= José M. Manalo =

Filipino writer

Dr. José M. Manalo was a Filipino author of English language books.

==Education==
He earned his Bachelor of Arts (AB) degree in 1950 and his Master of Arts (MA) degree in 1961 from the Ateneo de Manila University.

==Career==
He served as president of the Rotary Club of the Philippines and communications consultant to a number of business firms, set up the first speech laboratory of Philippine Airlines (PAL), and gave the first formal speech training of its flight stewards and stewardesses in the 1950s.

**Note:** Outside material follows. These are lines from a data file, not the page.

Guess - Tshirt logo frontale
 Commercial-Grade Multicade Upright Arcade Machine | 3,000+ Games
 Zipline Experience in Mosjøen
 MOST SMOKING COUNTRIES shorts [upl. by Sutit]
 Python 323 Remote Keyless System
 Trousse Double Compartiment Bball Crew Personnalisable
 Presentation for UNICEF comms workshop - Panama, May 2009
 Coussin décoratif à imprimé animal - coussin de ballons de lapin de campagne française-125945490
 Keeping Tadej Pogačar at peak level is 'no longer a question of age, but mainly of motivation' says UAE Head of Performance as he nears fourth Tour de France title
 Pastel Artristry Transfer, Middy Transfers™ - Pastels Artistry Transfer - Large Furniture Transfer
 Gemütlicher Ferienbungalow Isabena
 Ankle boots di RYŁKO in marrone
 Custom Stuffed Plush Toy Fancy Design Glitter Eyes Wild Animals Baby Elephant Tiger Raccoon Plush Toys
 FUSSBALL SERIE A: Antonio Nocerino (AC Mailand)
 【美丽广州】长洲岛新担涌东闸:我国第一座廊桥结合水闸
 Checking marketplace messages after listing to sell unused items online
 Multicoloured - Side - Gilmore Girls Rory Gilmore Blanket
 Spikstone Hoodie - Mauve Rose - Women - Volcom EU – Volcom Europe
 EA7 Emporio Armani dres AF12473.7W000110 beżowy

As an educator, he acted as dean of the Institute of Arts and Sciences at the Philippine College of Commerce [now Polytechnic University of the Philippines (PUP)]; dean of the college of liberal arts at Mount Carmel College of Baler (MCC Baler); head of the English and speech departments of the University of Manila (UM); speech and drama director of Saint Paul's College of Quezon City (SPCQC) (now Saint Paul University of Quezon City), Saint Joseph's College of Quezon City (SJCQC), and the UM; speech consultant and speech instructor of PAL, Philippine Air Force (PAF), and San Miguel Corporation (SMC); and professor of English grammar, composition, literature, speech, dramatics, radio-television broadcasting, and the humanities at the University of the East (UE), UM, Far Eastern University (FEU), Centro Escolar University (CEU), National Teachers College (NTC), La Concordia College, Stella Maris College of Quezon City, SJCQC, SPCQC, MCC Baler, Immaculate Heart of Mary College in Quezon City, and Ateneo de Manila University.